Studio album by Dixie Dregs
- Released: March 1978
- Recorded: 1978
- Studio: Chateau Recorders
- Length: 39:46
- Label: Capricorn
- Producer: Ken Scott

Dixie Dregs chronology
| Free Fall (1977) | What If (1978) | Night of the Living Dregs (1979) |

= What If (Dixie Dregs album) =

What If is the second studio album by the Dixie Dregs, released in 1978.

Professional ratings
Review scores
| Source | Rating |
| AllMusic | Star Half star |
| The Rolling Stone Jazz Record Guide | Star |

==Production==
The band sought, for What If, producer/engineer Ken Scott, because of his production of Mahavishnu Orchestra's Birds of Fire (1973). “Those guys were our heroes,” said guitarist and main composer Steve Morse.

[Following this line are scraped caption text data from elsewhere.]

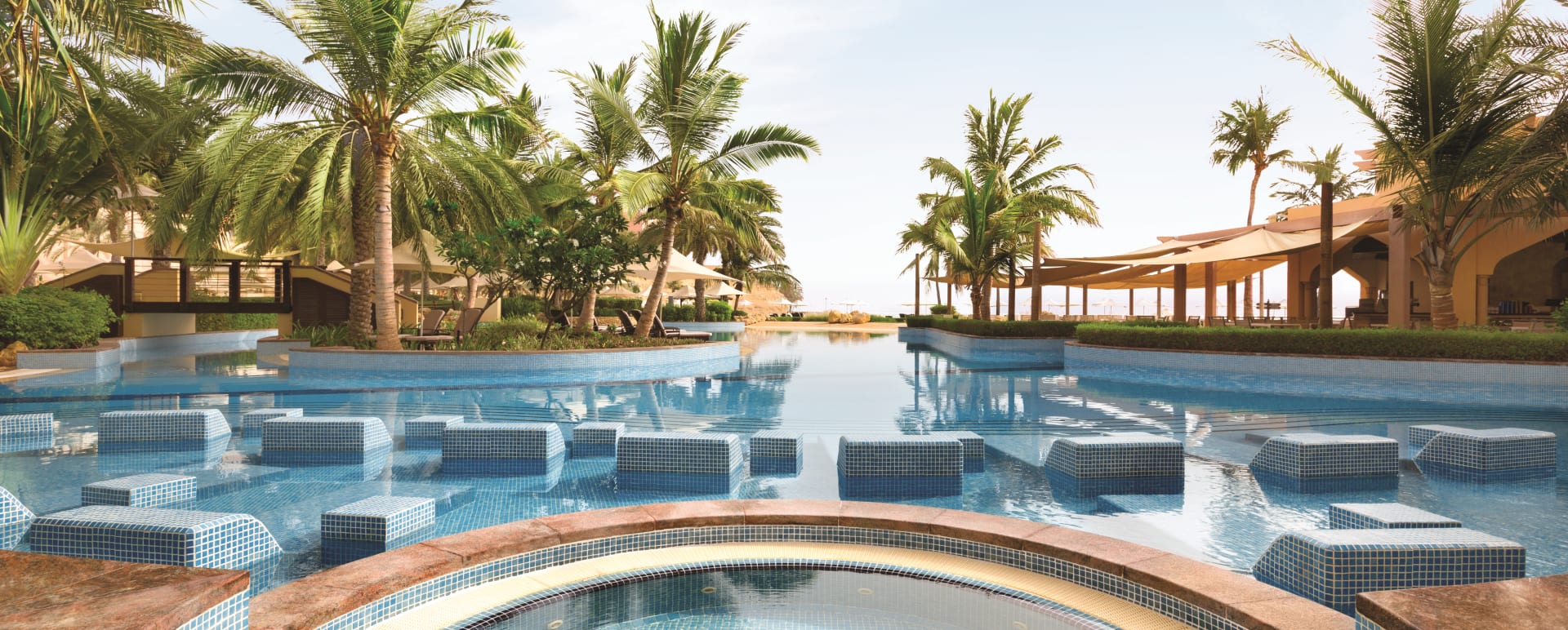 Pool Area - Hilton Muscat Al Bandar  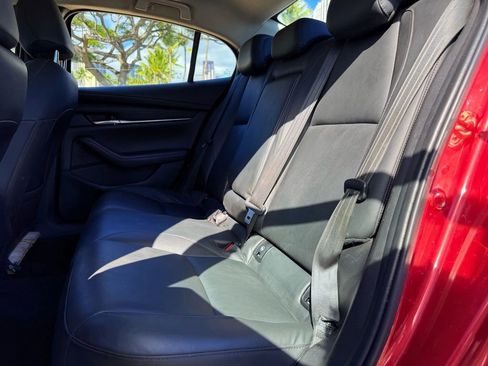 Used 2021 MAZDA MAZDA3 s image 11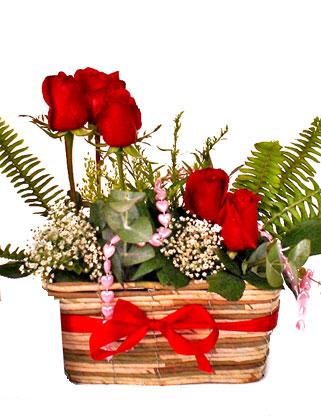 Ankara Keçiören çiçek yolla dükkanımızdan sepet içerisinde sevgi çiçekleri Ankara çiçek gönder firması şahane ürünümüz 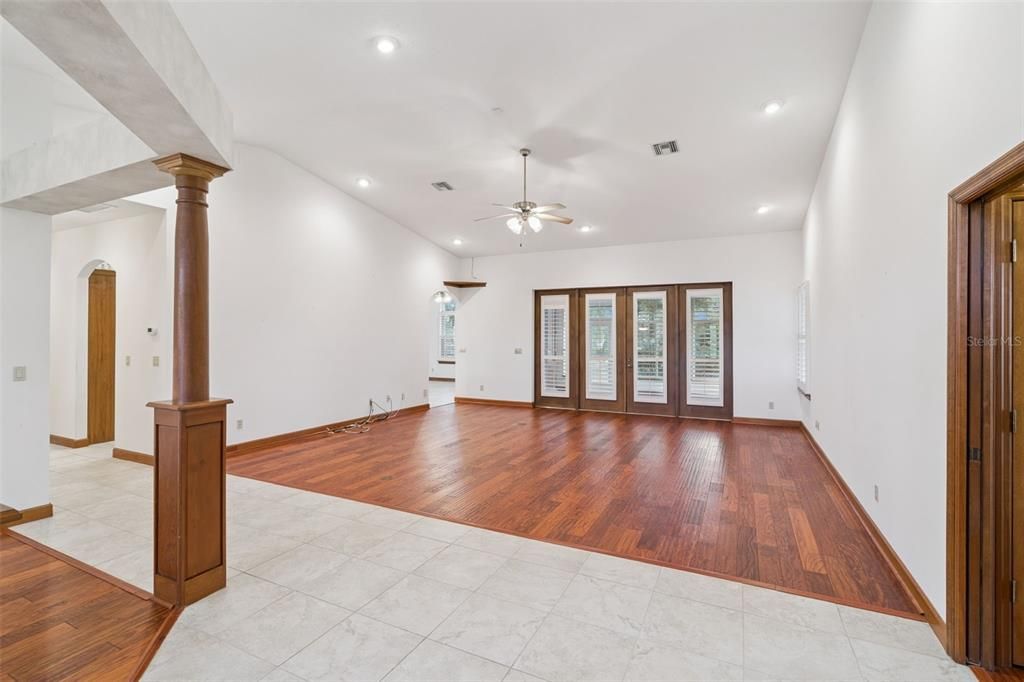 En Venta: $575,000 (3 camas, 3 baños, 2778 Pies cuadrados)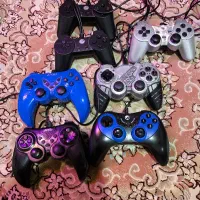 چند عدد دسته بازی کامپیوتر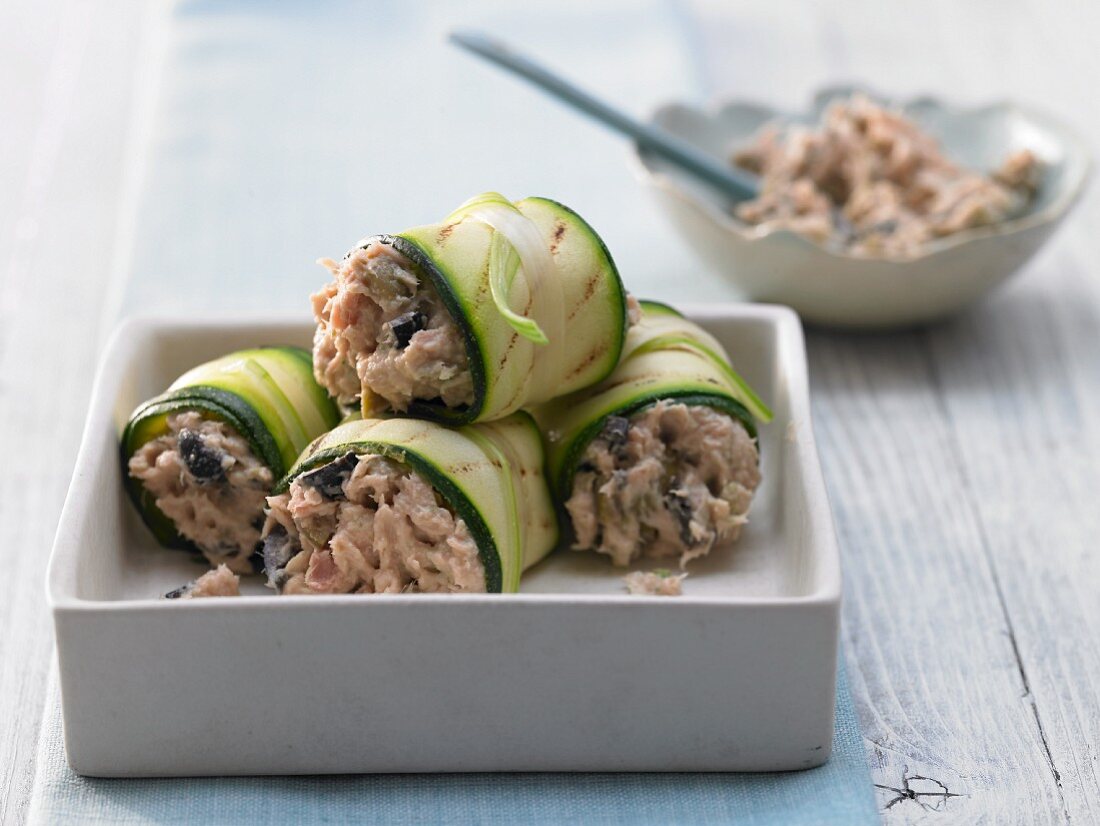 Courgette rolls with a caper and tuna filling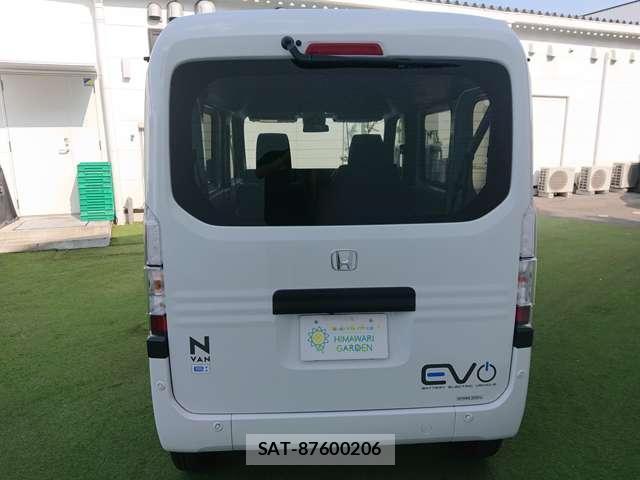 Honda N-VAN e: 2024-12 8224689-15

He added: “we were eager to work with Ken. We felt like we were graduating to the next level.”

==Track listing==

Side A
| No. | Title | Writer(s) | Length |
|---|---|---|---|
| 1. | "Take It Off the Top" | Steve Morse | 4:07 |
| 2. | "Odyssey" | Morse | 7:35 |
| 3. | "What If" | Morse | 5:01 |
| 4. | "Travel Tunes" | Andy West | 4:34 |

Side B
| No. | Title | Writer(s) | Length |
|---|---|---|---|
| 5. | "Ice Cakes" | Morse | 4:39 |
| 6. | "Little Kids" | Morse | 2:03 |
| 7. | "Gina Lola Breakdown" | Morse, Twiggs Lyndon | 4:00 |
| 8. | "Night Meets Light" | Morse | 7:47 |

== Personnel ==
- Steve Morse – guitar, banjo
- Mark Parrish – keyboards
- Allen Sloan – violin, viola
- Andy West – bass guitar
- Rod Morgenstein – drums; vocals on "Ice Cakes"

Production
- Producer – Ken Scott
- Assistant engineers – Brian Leshon, Chris Gregg, Gary Coppola
- Mastered by SR/2*
- Recorded at Chateau Recorders
- Production coordinator – Steven Brooks

== Notes ==
- "What If" and "Ice Cakes" are re-recordings from the band's 1976 demo record The Great Spectacular.
- "Take It Off the Top" was used as the theme song for the Friday Rock Show for most of the show's run (from 1978 to 1993).
- American heavy metal guitarist James Murphy covered "Odyssey" on his Feeding the Machine solo album.
- Progressive metal band Dream Theater covered "Odyssey" for the special edition of their 10th studio album Black Clouds & Silver Linings.